Christmas bills have arrived, the weather is cold and dark, and there isn’t another bank holiday until April so today can feel like ‘Blue Monday’ in more ways than one. For some workers across the UK, every Monday can be blue for the fear of being made redundant. New research by Lee Hecht Harrison Penna, the global human capital consultancy, reveals more than one in ten (11%) think it is likely they will be offered redundancy in 2019. More than a third (38%) of UK employees view redundancy as a threat with a quarter (25%) saying reducing their monthly spending would be one of the first things they would do if they were to lose their job. Certainly many immediately see the negatives of a possible redundancy. However, Lee Hecht Harrison Penna, who work with more than 20,000 people made redundant each year, say many also use redundancy to make a positive change in their lives and careers.

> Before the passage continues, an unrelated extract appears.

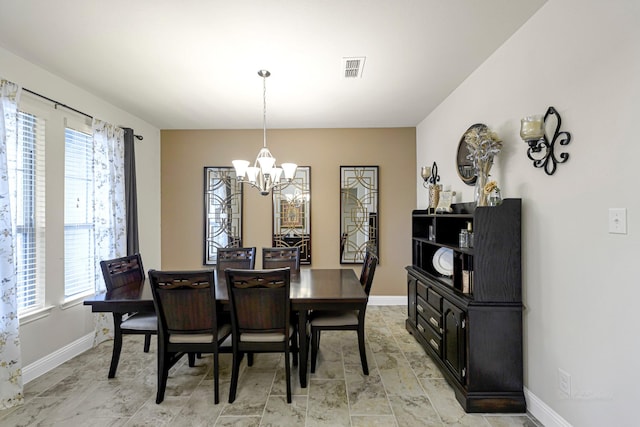 dining space with a notable chandelier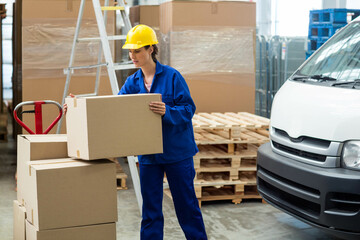 Cardboard boxes being loaded onto red pallet jack in warehouse with stacked pallets and white van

Which industries are expecting redundancy? According to Lee Hecht Harrison Penna’s research, IT workers are the most expecting redundancy, with three in ten (30%) thinking they will be let go this year. Over a quarter (27%) of building and property workers fear redundancy, with 22% of engineering workers and 21% of hotel, leisure and entertainment employees also expect redundancy. Despite the well-reported High Street woes, retail and wholesale staff feel relatively secure with only 7% fearful of redundancy this year, perhaps thinking the worst of the trend is behind them. Meanwhile British emergency service workers also feel secure in their roles with only 5% thinking redundancy is a possibility in the next 12 months.
However, redundancy rates are currently at a record low according to the ONS. Lee Hecht Harrison Penna’s survey shows some workers see redundancy as an opportunity, with almost three in ten workers (28%) saying they would explore jobs outside their current sector if made redundant. HR can play a crucial role helping employees move on effectively. It is important employees are supported through the process to ensure their wellbeing and successful transition to new roles. Companies and businesses that handle this process well can protect their brand and ensure workers leave with a positive experience.

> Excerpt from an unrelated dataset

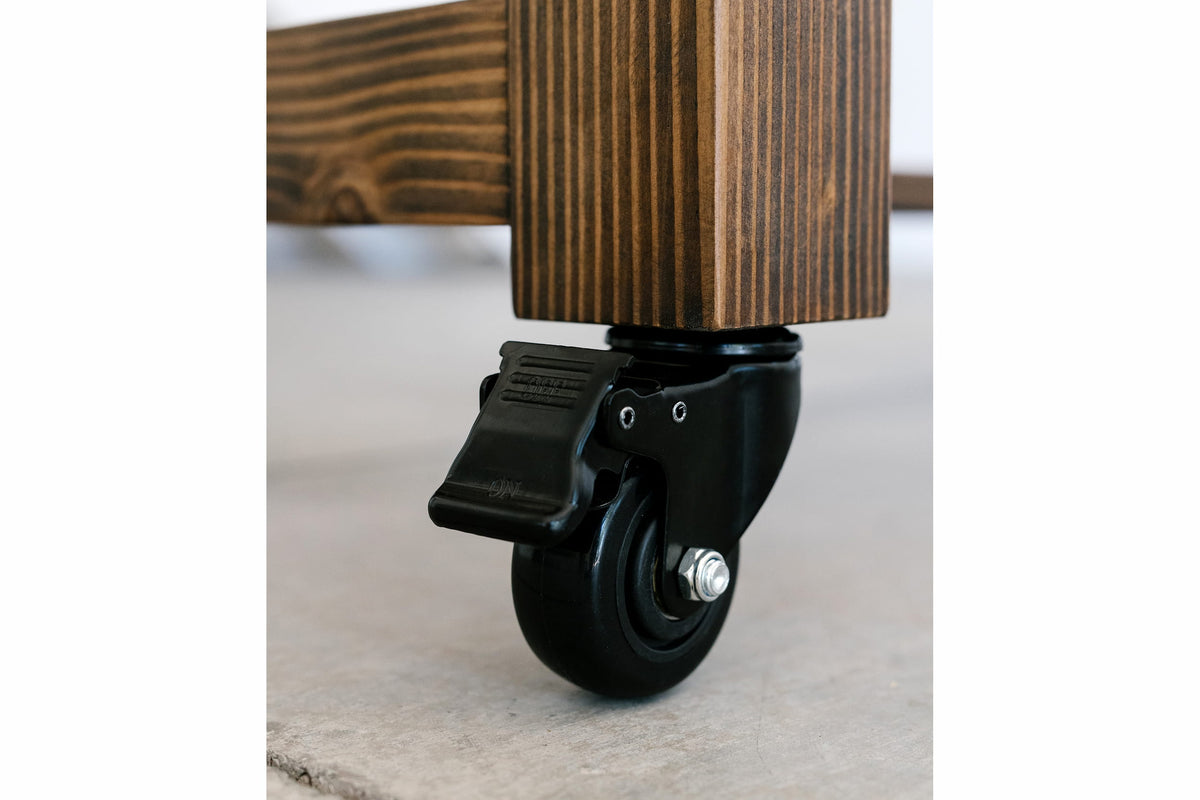 Detailed view of a durable black caster with brake, expertly fastened to the solid reclaimed wood leg, made in Arizona. Exceptional craftsmanship and sustainable design meet enduring utility.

JC Townend, CEO of UK and Ireland at Lee Hecht Harrison Penna, commented: “While redundancy can be extremely unsettling and cause stress and fear for many workers, it can also be the chance to take some time to assess career goals and make sure you are on the right track. Redundancy can present a great opportunity to explore new prospects in an industry you are passionate about or supercharge your professional development in a different organisation.”

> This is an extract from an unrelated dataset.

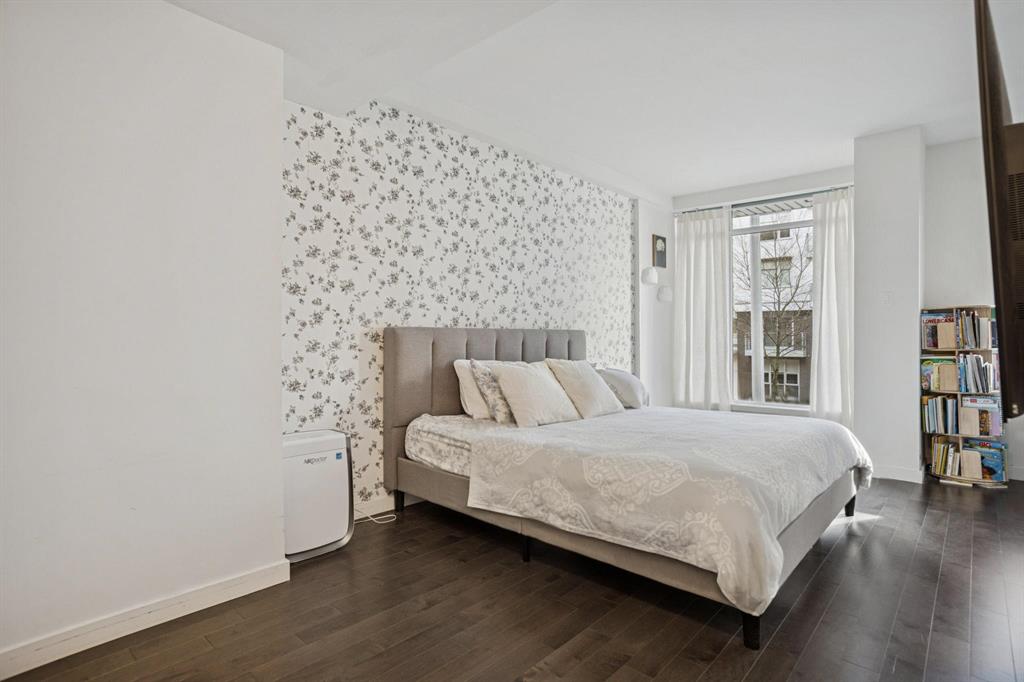 Modern bedroom featuring a gray upholstered bed, floral accent wall, white bedding, air purifier, light curtains, and corner bookshelf.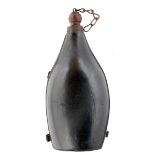 A 17TH CENTURY ENGLISH CIVIL WAR PERIOD LEATHER FLASK, 35cm high excluding the turned wooden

A useful first step for individuals facing redundancy is to get an external perspective and reflect on the positive and negative aspects of their past jobs and the suitability of previous roles to their strengths and weaknesses. There may be a career that is more suited to their skillset and interests, or one they have always wanted to try but never had the impetus or chance to switch careers and pursue a new path. This can be the chance to refocus your career goals, expand your personal and professional network and be proactive about taking charge of your job search. With this approach it could be the start of a fulfilling new career and the end of Blue Mondays.